Human Safaris (also known as tourism)
2012-03-19
(Originally posted at Womanist Musings. Posting here for archival purposes.)
Until recently I had never noticed how very creepy white people can sound when they are talking about travelling. I heard a conversation recently about travelling and one participant talked about how they could sit for hours in Mumbai just watching. Watching people. Talking all about how different everything was over there. Which is interesting in light of a story on India on human safaris. On hearing this discussion over tourism and travel, I wonder if there is a substantive difference between going on an actual human safari and any tourism by white people in PoC countries.
Now other people have written about the problems with tourism. And there are many. But I really just want to talk about how creepy it sounds. It is poverty porn, treating cultures of colour like they are commodities to be consumed; it is exotification, etc. This is most visible white photographers taking pictures of poor Black and Brown people (often without consent). But it is also visible in the travel narratives most people use when describing their trips. There is a tendency to focus on differences and to convey aspects that the audience will find shocking (e.g., “What? You can smoke in elevators in China? Amazing! They spit a lot in China? Gross!”). It is othering. And it is creepy as shit.
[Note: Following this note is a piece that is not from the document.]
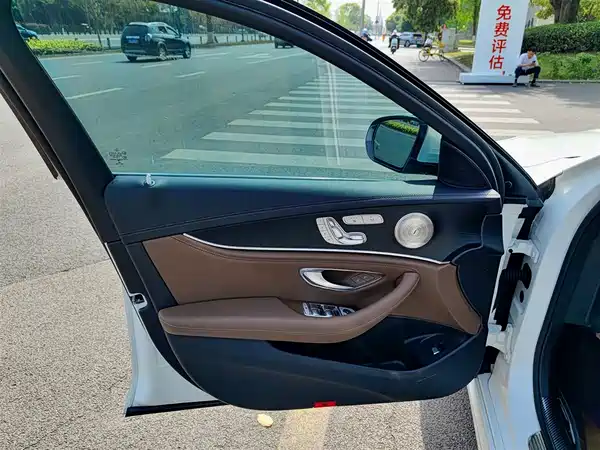 Mercedes-Benz E-Class 2021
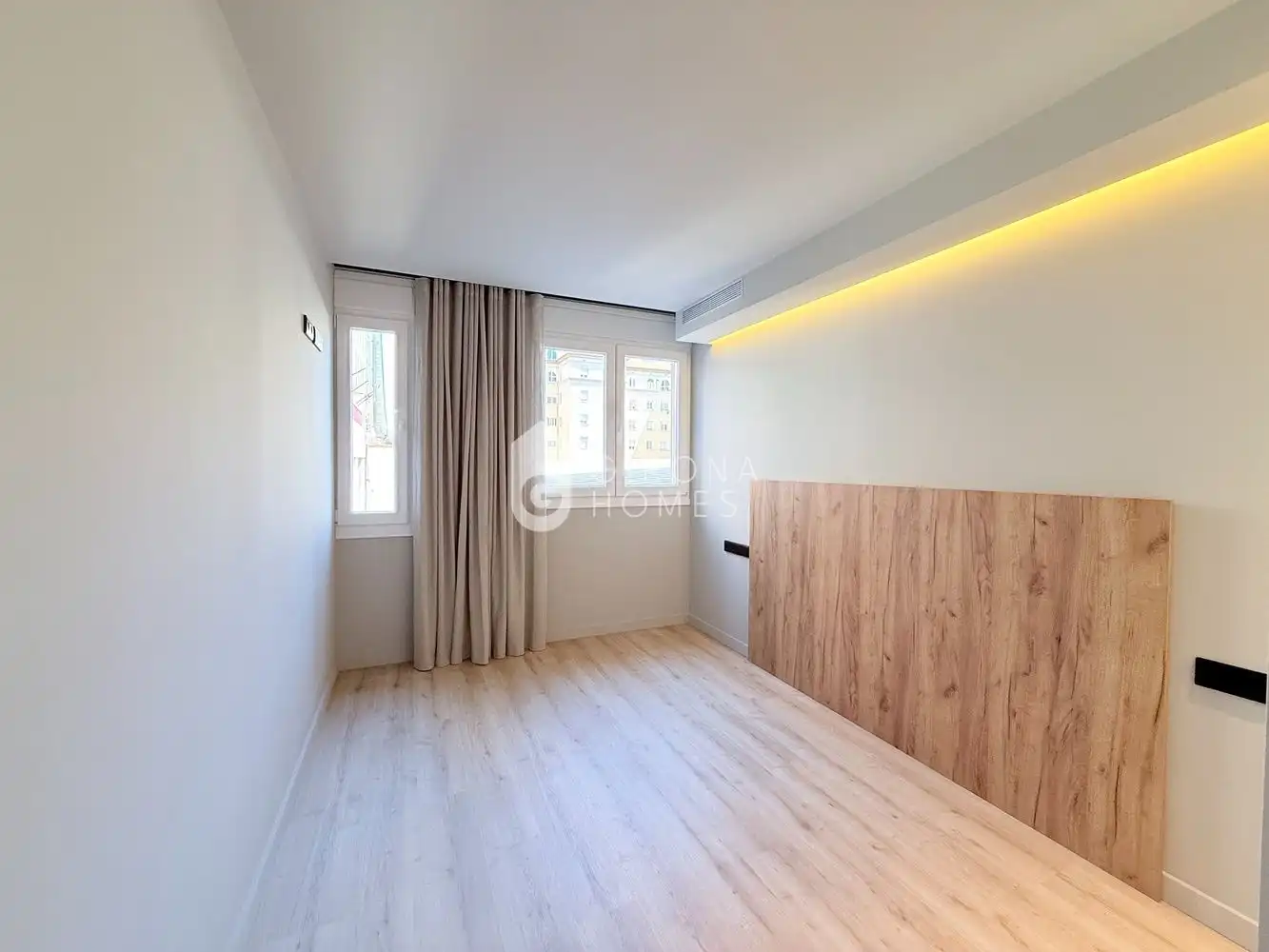 Schlafzimmer von Wohnungen zur Miete in Girona mit Klimaanlage, Terrasse und Möbliert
What is creepy about this voyeuristic consumption is that is almost feels like gloating. It is the white colonial gaze going out into the world and viewing the destruction that they have wrought upon the world. And this is considered a leisure activity. This is something privileged people do when they need a break from their regular lives. Something they do for fun.
Of course this isn’t everyone. For some, travel is used as an educational opportunity. How many times have I heard white people in Canada saying that this spoiled white child or other should travel so that they can see what real hardship is like? So that they can better appreciate the privileges they have built on the backs and oppression of PoC? This is a common theme in extolling the ‘virtues’ of travel. It is about becoming more cultured.
And yet, particularly in the cases of consuming pain and oppression for educational reasons, it never crosses their minds that their very action is contributing to the misery that they are viewing. Nor does it seem to cross the minds of white people that they are responsible for the misery and oppression that they are consuming. They never appear to learn the lessons that they really need. Instead they go back home feeling grateful for the systems and institution that privileges them. They feel grateful that a child somewhere is starving to death, that a woman is being trafficked, that wars are being waged and people are dying, so that they can feel fortunate that they are not poor, not of colour, not other. This is what they learn.
For fun or education, tourism troubles me. It troubles me that all these white people are travelling about the world consuming not only most of the world’s resources but the cultures and misery of PoC the world over.
Then they go back home and tell stories about how ‘amazing,’ ‘interesting,’ and ‘different’ life is in the places they visit. And I’ve noticed a marked difference in the creepy voyeuristic tales of visiting PoC places versus visiting European countries. If they talk about Europe, it is always about the art, architecture, etc., the culture as civilization. This is not how PoC places are talked about. It is always about the ‘natives,’ the strange customs, the exotic food, or whatever.
So creepy and so loaded with racism and colonial attitudes of old.